Parietals continue to be a consistently controversial topic at Notre Dame, almost universally igniting the ire of the student body. While this policy may seem to be an eternal annoyance, in fact parietals as we know them date only to the late 1960s and are intertwined with the process of coeducation at Notre Dame, now in its 50th year.

In this two-part series, From the Archives will explore the early history of parietals. In this first installment, we uncover the University administration’s initial opposition to parietal hours, their subsequent change in heart and the promises and pitfalls that arose when parietals were first implemented.

Hesburgh’s “emphatic” opposition to parietals

Nov. 9, 1967 | Observer Staff | April 1, 1968 | Observer Staff | Researched by Avery Polking

Though the social structure of Notre Dame is defined by many things, perhaps one of the most concrete influences on daily life — and the most adverse to students — is parietal hours. While its vast unpopularity among students is well documented, less known is that University administration was initially against them as well.

A November 1967 Observer headline announced, “Hesburgh Emphatic: No Parietal Hour.” The article examined the implications of a comment then-University President Fr. Theodore Hesburgh made in which he effectively called parietal hours pointless, commenting that he “[has] no stomach for laws which don’t mean anything.”

“I’m sure that parietal hours will not be allowed,” Hesburgh declared.

University president Fr. Theodore Hesburgh was initially “emphatic” in his opposition to parietals. Observer archives, April 1, 1968.

The Observer expanded on Hesburgh’s stance, reporting that “The University’s reason for not allowing girls in the dormitory stems mostly from the social repercussions of entertaining a girl in a bedroom and the disruption such a practice would initiate in a mens’ dorm which is interpreted by many university officials as a men’s club.”

Hesburgh valued a community in which men and women could work together without the burden of time restrictions, calling this dynamic a “tension modulated by love.”

But not long after in April 1968, Hesburgh showed signs of a softening stance by reinstating four students who had been suspended by James Riehle, dean of students, for an unspecified parietal violation.

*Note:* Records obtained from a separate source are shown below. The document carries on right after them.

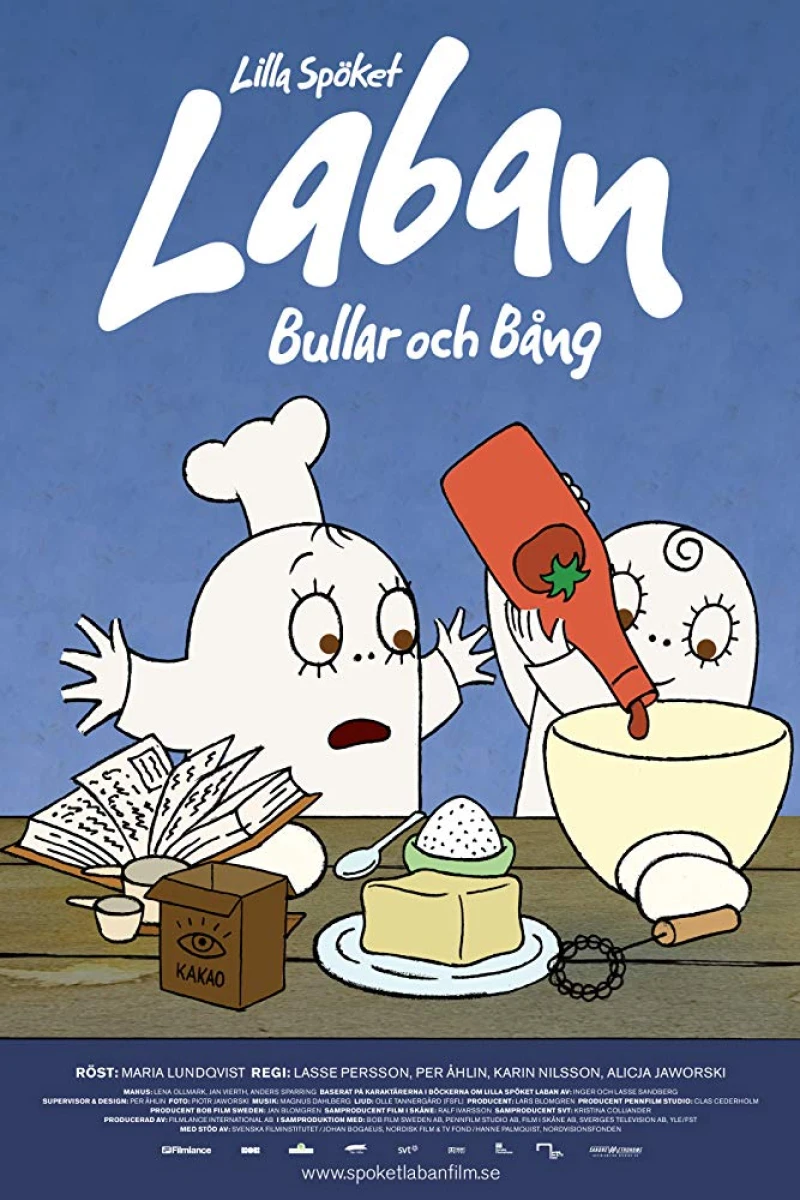 Lilla spöket Laban: Bullar och bång Poster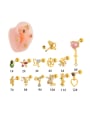 thumb Brass Cubic Zirconia Heart Bow-Knot Cute Single Earring 2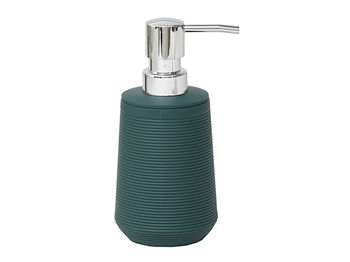 Dozator pentru sapun "Striatii orizontale" 270ml, verde inchis, plastic 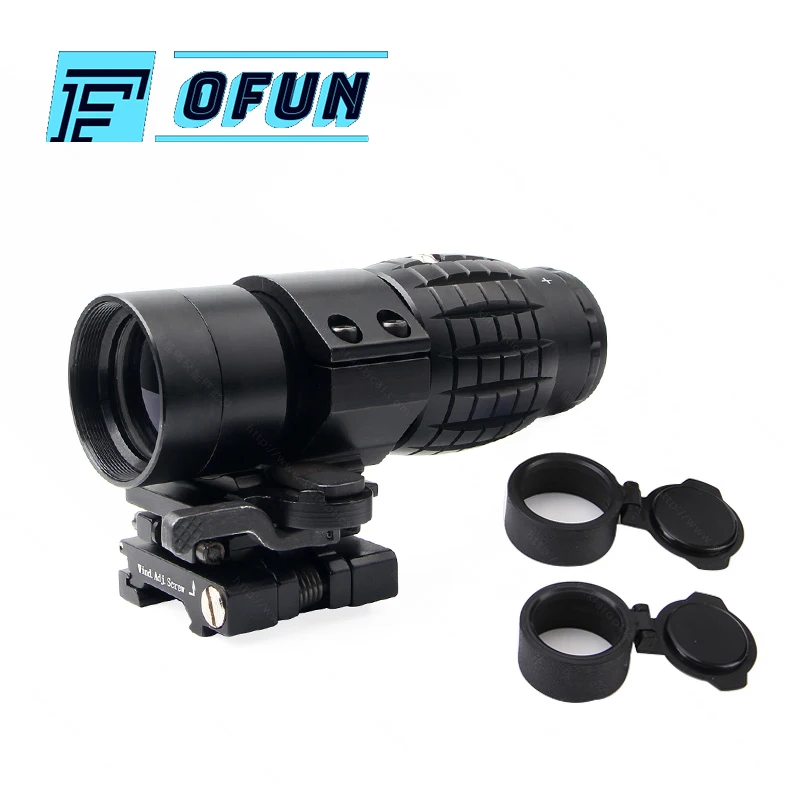 3X увеличительное стекло Компактный Тактический прицел с откидной на сторону 20 мм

Hesburgh acknowledged that there was “moral ambiguity” present in current restrictions and that he was “in the process of outlining a program” he hoped would clarify matters.

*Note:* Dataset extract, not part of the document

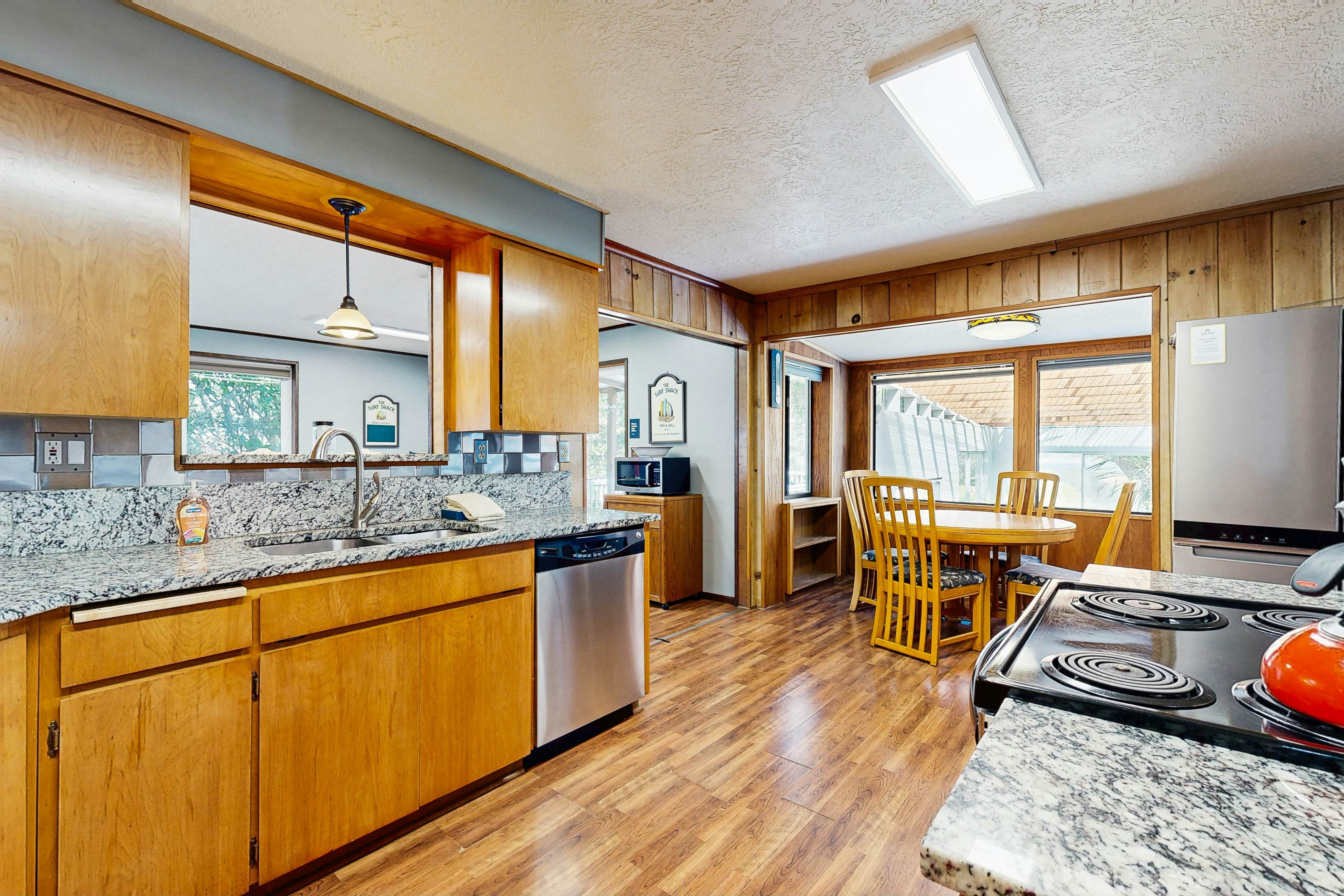 Centrally located home with lake views, private pool & spacious deck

Parietals were ultimately approved by the Board of Trustees a year later. However, the contentious conditions under which parietal hours were first debated surely reflects their controversial nature, still evident today.

Parietals approved

March 18, 1969 | Observer Staff | March 28, 1969 | Ted Price | Researched by Lilyann Gardner

Parietals are perhaps an outdated practice in the opinion of many present-day Notre Dame students, but their initial approval was likely considered a win in the eyes of the entirely male student population of 1969. 

Despite Father Hesburgh’s ostensibly “emphatic” opposition to parietals, in March 1969 the Board of Trustees approved the expansion of female visitation hours from just 11 weekends per year to every weekend, with the expectation that certain changes would have to be made to residence halls.

“The Executive Committee ratified the Student Life Council’s proposals for a reorganization of the residence hall governments, including a written constitution, a hall president, a hall legislative council, and a hall judicial board,” The Observer reported. 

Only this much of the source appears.